A critical reviewer would flag that the trial was underpowered for the exceedingly rare outcome of maternal death. Pooling data across countries with vastly different baseline maternal mortality rates (e.g., UK vs. developing nations in 2002) creates a massive variance that can mask or skew true effects. The editor must ensure the authors frame this finding purely as hypothesis-generating or supportive, rather than definitive, to avoid misleading clinical interpretations.

Guideline Committee
Guideline Committee

Based heavily on Magpie, current ACOG and WHO guidelines strongly recommend magnesium sulfate for severe pre-eclampsia, but ACOG states it can be 'individualized' for pre-eclampsia without severe features.
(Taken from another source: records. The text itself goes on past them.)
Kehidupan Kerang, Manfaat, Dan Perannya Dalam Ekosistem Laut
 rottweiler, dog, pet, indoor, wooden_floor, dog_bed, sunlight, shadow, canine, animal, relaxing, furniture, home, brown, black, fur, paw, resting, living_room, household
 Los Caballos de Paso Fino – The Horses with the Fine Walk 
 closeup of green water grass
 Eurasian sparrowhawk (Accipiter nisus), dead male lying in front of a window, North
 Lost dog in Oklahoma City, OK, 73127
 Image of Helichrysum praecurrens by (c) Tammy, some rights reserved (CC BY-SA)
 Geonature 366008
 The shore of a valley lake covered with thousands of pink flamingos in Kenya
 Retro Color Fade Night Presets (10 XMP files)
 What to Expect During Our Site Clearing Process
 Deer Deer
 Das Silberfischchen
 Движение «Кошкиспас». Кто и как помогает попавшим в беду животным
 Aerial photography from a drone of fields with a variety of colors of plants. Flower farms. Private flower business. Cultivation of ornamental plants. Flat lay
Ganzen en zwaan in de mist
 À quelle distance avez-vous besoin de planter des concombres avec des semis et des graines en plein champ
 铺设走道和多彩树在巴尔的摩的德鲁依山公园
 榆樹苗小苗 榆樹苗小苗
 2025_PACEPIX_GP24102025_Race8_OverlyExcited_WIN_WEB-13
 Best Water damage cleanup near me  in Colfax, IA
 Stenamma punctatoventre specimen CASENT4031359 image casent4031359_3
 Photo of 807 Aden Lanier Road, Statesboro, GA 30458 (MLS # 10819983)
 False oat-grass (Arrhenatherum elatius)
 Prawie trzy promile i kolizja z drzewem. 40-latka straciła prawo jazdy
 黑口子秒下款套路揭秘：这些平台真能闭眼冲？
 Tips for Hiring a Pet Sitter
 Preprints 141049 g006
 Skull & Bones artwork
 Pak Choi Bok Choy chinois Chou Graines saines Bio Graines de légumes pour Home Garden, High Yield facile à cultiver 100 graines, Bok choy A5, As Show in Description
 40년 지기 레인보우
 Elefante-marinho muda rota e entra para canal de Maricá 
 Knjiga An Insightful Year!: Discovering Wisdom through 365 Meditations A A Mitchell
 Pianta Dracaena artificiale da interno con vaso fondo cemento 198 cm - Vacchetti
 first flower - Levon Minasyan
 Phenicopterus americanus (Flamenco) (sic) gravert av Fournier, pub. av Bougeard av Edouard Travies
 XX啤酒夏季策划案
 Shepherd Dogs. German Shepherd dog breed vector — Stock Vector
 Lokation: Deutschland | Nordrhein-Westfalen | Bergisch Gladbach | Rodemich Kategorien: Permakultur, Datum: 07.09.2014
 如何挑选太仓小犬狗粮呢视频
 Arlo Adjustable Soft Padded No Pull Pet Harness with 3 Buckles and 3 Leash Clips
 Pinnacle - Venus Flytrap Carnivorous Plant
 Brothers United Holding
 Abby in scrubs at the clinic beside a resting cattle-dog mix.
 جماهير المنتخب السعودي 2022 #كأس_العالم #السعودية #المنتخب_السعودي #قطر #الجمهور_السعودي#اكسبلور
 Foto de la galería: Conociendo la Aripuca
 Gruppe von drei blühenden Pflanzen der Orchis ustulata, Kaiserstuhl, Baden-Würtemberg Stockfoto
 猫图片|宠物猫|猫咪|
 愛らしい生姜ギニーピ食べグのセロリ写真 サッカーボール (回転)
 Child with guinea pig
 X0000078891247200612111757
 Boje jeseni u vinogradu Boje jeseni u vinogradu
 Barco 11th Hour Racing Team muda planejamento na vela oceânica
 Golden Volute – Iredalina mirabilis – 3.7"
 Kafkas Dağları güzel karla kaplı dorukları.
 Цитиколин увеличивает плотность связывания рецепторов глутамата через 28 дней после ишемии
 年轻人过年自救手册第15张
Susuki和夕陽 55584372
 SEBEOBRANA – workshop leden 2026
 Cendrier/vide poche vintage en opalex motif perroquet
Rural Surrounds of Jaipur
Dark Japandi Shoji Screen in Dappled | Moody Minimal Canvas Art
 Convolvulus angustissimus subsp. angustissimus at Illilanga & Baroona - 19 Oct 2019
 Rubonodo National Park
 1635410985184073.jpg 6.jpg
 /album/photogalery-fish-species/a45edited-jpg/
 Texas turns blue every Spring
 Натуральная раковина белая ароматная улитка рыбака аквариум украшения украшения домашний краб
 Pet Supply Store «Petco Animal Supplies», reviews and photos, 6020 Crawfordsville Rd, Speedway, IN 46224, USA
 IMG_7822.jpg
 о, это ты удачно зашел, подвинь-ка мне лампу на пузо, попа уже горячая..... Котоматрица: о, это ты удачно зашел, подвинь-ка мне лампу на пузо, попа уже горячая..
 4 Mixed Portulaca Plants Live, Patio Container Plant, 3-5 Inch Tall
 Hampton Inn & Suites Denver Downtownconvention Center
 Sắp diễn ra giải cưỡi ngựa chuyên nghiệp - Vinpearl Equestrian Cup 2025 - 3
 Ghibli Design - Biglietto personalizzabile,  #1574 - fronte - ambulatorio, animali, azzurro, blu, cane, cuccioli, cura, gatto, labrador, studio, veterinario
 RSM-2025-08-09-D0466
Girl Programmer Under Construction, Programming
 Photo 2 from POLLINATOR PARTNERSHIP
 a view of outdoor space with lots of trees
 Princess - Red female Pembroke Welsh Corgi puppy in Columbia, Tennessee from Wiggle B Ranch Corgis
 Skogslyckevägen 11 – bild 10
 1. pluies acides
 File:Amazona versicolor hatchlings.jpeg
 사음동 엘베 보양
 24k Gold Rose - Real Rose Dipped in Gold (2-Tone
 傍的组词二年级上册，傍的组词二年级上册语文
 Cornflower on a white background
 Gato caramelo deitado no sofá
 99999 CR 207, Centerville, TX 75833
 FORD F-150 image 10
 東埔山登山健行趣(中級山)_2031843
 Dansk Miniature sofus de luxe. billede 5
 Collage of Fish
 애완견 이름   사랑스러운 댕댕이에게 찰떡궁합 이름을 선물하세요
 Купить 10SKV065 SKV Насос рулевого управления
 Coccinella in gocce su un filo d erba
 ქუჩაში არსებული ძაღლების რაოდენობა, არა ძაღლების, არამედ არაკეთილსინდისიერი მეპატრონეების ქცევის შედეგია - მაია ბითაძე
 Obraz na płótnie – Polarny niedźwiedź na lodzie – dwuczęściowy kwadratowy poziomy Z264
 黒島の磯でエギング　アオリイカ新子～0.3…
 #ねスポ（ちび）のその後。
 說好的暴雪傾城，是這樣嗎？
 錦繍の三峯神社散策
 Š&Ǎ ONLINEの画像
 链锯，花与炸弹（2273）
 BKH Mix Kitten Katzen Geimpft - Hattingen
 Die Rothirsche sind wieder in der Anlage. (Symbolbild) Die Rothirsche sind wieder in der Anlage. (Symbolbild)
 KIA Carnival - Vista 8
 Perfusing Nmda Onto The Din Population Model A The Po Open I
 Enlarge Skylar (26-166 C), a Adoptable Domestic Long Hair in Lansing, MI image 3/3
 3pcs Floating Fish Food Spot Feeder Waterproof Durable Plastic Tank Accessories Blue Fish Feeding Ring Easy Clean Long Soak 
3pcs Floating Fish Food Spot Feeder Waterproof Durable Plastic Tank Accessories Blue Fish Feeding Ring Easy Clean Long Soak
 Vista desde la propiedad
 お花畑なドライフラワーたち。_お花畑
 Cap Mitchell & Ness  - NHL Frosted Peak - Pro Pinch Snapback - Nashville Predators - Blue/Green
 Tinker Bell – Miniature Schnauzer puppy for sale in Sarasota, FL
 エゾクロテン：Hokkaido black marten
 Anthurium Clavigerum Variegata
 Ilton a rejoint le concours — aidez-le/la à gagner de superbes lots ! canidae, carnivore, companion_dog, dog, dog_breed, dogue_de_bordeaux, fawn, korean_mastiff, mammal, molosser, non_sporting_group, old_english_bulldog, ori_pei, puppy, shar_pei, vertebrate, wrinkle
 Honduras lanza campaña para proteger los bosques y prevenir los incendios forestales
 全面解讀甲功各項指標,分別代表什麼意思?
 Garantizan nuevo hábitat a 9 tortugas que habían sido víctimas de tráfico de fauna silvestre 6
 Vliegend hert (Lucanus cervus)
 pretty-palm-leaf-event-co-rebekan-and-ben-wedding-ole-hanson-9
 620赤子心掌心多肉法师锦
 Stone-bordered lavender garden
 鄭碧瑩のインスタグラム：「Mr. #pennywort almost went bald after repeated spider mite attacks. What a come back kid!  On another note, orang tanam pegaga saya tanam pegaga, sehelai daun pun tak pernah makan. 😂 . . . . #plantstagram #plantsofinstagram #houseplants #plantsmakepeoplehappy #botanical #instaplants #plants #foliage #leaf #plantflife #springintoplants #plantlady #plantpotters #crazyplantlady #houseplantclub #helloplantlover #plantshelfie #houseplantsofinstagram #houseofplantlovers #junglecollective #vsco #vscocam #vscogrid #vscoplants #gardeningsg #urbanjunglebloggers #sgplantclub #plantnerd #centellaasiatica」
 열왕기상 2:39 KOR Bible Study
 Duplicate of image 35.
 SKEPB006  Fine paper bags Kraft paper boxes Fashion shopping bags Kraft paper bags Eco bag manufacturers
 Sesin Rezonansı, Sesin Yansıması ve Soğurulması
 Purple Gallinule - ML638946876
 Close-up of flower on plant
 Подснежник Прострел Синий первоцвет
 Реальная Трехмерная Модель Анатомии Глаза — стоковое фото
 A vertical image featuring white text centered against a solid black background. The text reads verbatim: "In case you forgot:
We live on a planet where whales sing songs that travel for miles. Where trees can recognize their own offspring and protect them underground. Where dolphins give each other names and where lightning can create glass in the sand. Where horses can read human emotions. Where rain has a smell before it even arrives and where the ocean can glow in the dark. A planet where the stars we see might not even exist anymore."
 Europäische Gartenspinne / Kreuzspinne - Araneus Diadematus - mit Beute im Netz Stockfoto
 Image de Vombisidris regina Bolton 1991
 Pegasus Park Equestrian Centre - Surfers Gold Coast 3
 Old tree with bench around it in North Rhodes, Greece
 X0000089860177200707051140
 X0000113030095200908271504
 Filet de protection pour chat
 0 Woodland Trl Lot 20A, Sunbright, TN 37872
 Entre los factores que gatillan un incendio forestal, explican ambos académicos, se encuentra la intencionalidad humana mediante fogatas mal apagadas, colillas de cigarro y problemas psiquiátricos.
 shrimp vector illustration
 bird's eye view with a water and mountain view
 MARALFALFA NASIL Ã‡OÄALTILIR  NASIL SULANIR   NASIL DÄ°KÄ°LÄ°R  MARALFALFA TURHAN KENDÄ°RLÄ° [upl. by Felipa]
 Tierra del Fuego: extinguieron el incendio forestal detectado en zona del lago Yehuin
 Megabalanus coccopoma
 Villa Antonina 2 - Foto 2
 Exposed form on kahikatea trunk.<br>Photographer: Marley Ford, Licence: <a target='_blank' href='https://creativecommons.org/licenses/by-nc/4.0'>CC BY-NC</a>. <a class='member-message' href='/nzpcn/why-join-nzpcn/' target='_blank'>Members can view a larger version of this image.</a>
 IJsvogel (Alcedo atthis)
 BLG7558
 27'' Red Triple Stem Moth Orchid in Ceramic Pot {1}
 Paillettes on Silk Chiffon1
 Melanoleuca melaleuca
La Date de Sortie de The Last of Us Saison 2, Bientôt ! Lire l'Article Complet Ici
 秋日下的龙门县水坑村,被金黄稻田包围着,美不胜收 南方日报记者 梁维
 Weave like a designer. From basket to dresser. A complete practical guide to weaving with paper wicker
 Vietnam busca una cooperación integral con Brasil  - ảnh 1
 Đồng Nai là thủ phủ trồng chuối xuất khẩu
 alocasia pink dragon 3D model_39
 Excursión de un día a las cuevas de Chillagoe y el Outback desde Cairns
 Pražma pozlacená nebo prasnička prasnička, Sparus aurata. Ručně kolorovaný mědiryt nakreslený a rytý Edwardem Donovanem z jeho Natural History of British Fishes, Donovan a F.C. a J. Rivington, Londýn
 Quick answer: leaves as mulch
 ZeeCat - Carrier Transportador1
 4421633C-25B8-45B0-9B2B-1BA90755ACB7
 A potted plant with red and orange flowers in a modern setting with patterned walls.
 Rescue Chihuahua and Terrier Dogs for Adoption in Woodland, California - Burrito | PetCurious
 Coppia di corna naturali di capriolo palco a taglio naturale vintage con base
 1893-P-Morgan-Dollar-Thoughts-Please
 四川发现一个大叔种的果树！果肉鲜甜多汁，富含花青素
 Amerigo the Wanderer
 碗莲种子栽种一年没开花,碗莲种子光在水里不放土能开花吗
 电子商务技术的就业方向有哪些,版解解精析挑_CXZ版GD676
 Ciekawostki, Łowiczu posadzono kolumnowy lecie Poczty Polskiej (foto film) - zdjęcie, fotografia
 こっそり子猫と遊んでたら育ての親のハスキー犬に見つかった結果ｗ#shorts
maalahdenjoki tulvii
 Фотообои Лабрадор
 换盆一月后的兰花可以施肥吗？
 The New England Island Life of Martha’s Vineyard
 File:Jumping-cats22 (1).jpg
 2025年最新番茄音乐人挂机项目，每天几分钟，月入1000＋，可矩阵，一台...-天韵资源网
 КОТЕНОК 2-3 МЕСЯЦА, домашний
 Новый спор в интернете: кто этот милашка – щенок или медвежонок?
Applying the GRADE framework, how does the evidence from Magpie justify this divergence in the strength of recommendation?

Key Response

Using the GRADE framework, while the 'Quality of Evidence' from Magpie is high, the 'Strength of Recommendation' depends on the balance of benefits to harms. For severe pre-eclampsia, the high baseline risk of eclampsia makes the absolute risk reduction substantial (strong recommendation). For non-severe cases, the baseline risk is <1%; thus, the absolute benefit is marginal and is often outweighed by the harms (toxicity risks, maternal discomfort, resource utilization). Therefore, guidelines appropriately downgrade the strength of recommendation for non-severe cases, advocating for shared decision-making.

Clinical Landscape

Noteworthy Related Trials

1995

Collaborative Eclampsia Trial

n = 1,687 · Lancet

Tested

Magnesium sulphate

Population

Women with eclampsia

Comparator

Diazepam or phenytoin

Endpoint

Recurrence of convulsions or maternal death

Key result: Magnesium sulphate significantly reduced the risk of recurrent convulsions compared to both diazepam and phenytoin.
2008

BEAM Trial

n = 2,241 · NEJM

Tested

Intravenous magnesium sulfate

Population

Women at high risk of spontaneous preterm delivery

Comparator

Placebo

Endpoint

Composite of moderate or severe cerebral palsy or death in the infant

Key result: Fetal exposure to magnesium sulfate significantly reduced the rate of cerebral palsy among surviving infants.
2017

ASPRE Trial

n = 1,776 · NEJM

Tested

Aspirin 150 mg daily

Population

Pregnant women at high risk for preterm pre-eclampsia

Comparator

Placebo

Endpoint

Delivery with pre-eclampsia before 37 weeks of gestation

Key result: Prophylactic aspirin use resulted in a significantly lower incidence of preterm pre-eclampsia than placebo.